You could freeze the backbone parameters by setting their .requires_grad
attributes to False
during the warmup iterations, and then to True
during the complete training.
This would make sure that these parameters won’t get any gradients and the optimizer won’t update them in its step()
operation.
Thank you for your answer. What about add the param group of backbone to optimiser after warm up is finished? Which one is a better practice?
Both should work equally well and it might just depend on your personal coding style / preference.

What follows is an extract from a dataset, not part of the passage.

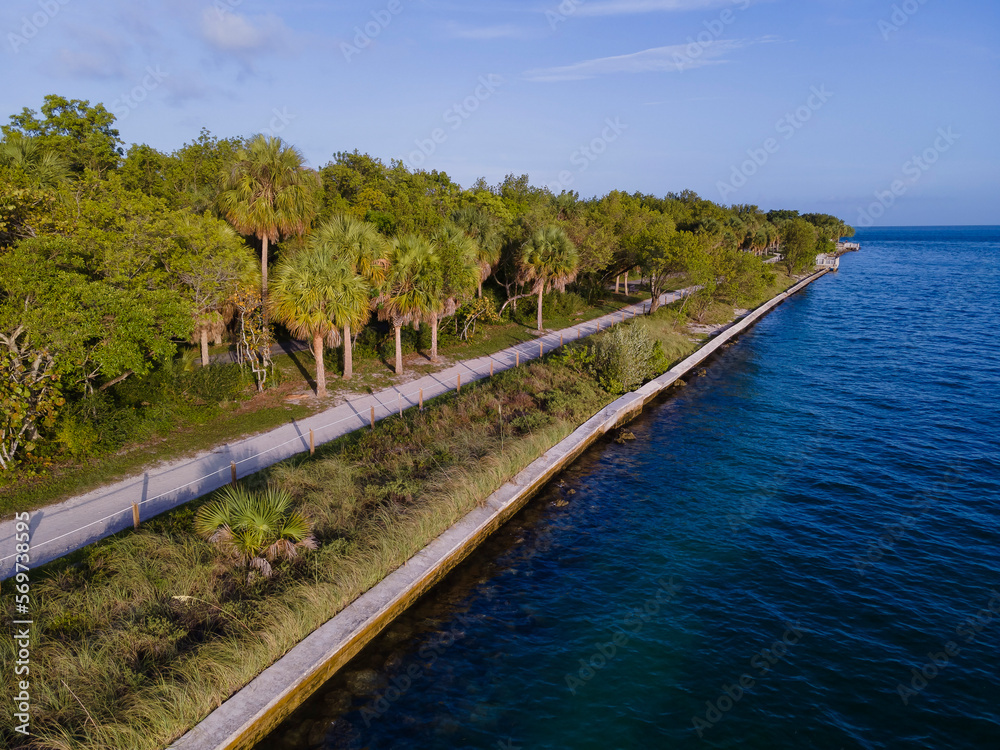 Road near the shore with concrete sea wall at Bill Baggs Cape Florida State Park in Miami, Florida. Aerial view of a road along the shore with trees and grasses near the blue ocean waters.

I have the same problem, which is unsolved unfortunately
I have modelA as backbone and modelB as aux output, which means my whole model has two outputs. What I wanna do is freeze pre-trained backbone and train modelB only. But either way that you suggested would touch the weights in backbone. Any suggestion?
If modelB
is “on top” of modelA
, you still could freeze the parameters of modelA
and just train modelB
.
Why would the modelA
weights be touched?
Thanks for reply. Yes, it is exactly as you said. This is a piece of code, which may help to locate the problem.
(BTW, pytorch version is 1.4.0)
create graph and load weigths for modelA
checkpoint = torch.load(model_path, map_location=device)
modelA = BackboneNet().to(device)
modelA.load_state_dict(checkpoint[‘backbone’])
modelB = AuxNet().to(device)
freeze modelA
for param in modelA.parameters():
param.requires_grad = False
asign modelB to train
optimizer = torch.optim.Adam(
[{
‘params’: modelB.parameters()
}],
lr=base_lr,
weight_decay=weight_decay)